In a letter to Senate Majority Leader Harry Reid — signed by various groups including American Innovators for Patent Reform, IEEE-USA, IP Advocate, National Association of Patent Practitioners, National Congress of Inventor Organizations, National Small Business Association, Professional Inventors Alliance USA and the U.S. Business and Industry Council — the groups urge changes to the Act.

They argue that:

The “first inventor to file” section of the bill has unique adverse effects on small business, start­up entrepreneurs, independent inventors, and U.S.-based technical professionals. It disrupts the unique American start-up ecosystem that has led to America’s standing as the global innovation leader—the ecosystem that is vital to our businesses, but with which large firms have less expertise. Within the “first to file” section, the change to the filing grace period disadvantages small companies and independent inventors in favor of larger firms—the bill disadvantages companies that must seek outside financing and strategic partners, in favor of firms that can arrange all of their investment, testing, manufacturing, and marketing internally.

The bill favors multinational and foreign firms over start-up firms seeking an initial foothold in U.S. domestic markets, and favors market incumbents over new entrants with disruptive new technologies. Because S. 23 removes the option to delay patent expenses, the bill advantages established companies, and disadvantages start-ups that must seek and carefully shepherd their capital. S. 23 reduces current advantages for U.S. inventors and employees, and thus increases incentives for off-shoring jobs. S. 23 changes the rules to favor global companies, against the start-up business model that utilizes the American grace period.

They ask that you find your senators, and call them and ask for three things:

  1. support an amendment to strike the “first to file” provision, and
  2. replace the whole bill with one that ends fee diversion, and gives the PTO fee setting authority with strong checks and balances.
  3. if either amendment fails, oppose the bill—without these two amendments, the improvements are trivial, and the harms are substantial.

If you want your voice to be heard on this matter, call today.

See the whole letter to Sen. Harry Reid here.

4 Comments

  1. […] This post was mentioned on Twitter by patesalo and Erin-Michael Gill, IP ENCYCLOmation. IP ENCYCLOmation said: Crunch Time For Patent Reform Act http://bit.ly/fqu8PR […]

  2. “It depends on who’s interest is at stake”

    No kidding. For large multinationals it’s a great way to kill your small and startup competition. Unfortunately for the public, it will also kill the primary source of new jobs.
    According to recent studies by the Kauffman Foundation and economists at the U.S. Census Bureau, “startups aren’t everything when it comes to job growth.

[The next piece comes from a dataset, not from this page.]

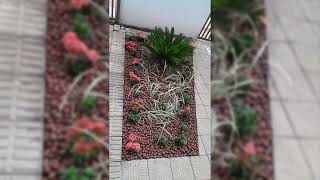 Implantação de jardim com Tuias limão cicas mini ixoras e liriopes [upl. by Liarret298]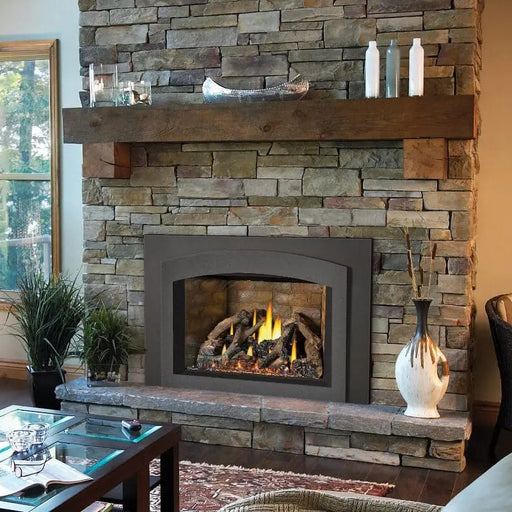 Napoleon Oakville X4 Direct Vent Gas Fireplace Insert Napoleon Hearth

They’re the only thing.” This bill is a wholesale slaughter of US jobs.

    Please see http://truereform.piausa.org/ for a different/opposing view on patent reform.

  3. Is it good for American inventors, you ask. Should you not instead be asking whether it better and further promotes American ascendence in the progress of the useful arts? Because it’s not the same question, is it?

  4. “It depends on who’s interest is at stake.”

    Who is who?
    A) The inventor/applicant or the entrepeneur/investor faced with uncertainty created by “the option to delay patent expenses” (= delay patent filing). This uncertainty is a big downside of each patent system and minimizing such uncertainty can only be welcomed.

    B) The use of the current system by individual inventors and large companies is summarized by Dennis D. Crouch as follows: “my findings suggest that individual inventors assert invention-date-based novelty rights relatively less often and less successfully than large, publicly traded companies”. The full article titled “Is Novelty Obsolete? Chronicling the Irrelevance of the Invention Date in U.S. Patent Law” may be found here: http://papers.ssrn.com/sol3/papers.cfm?abstract_id=1576564

    My personal summary thus is that the current US system favors large, non-producing companies.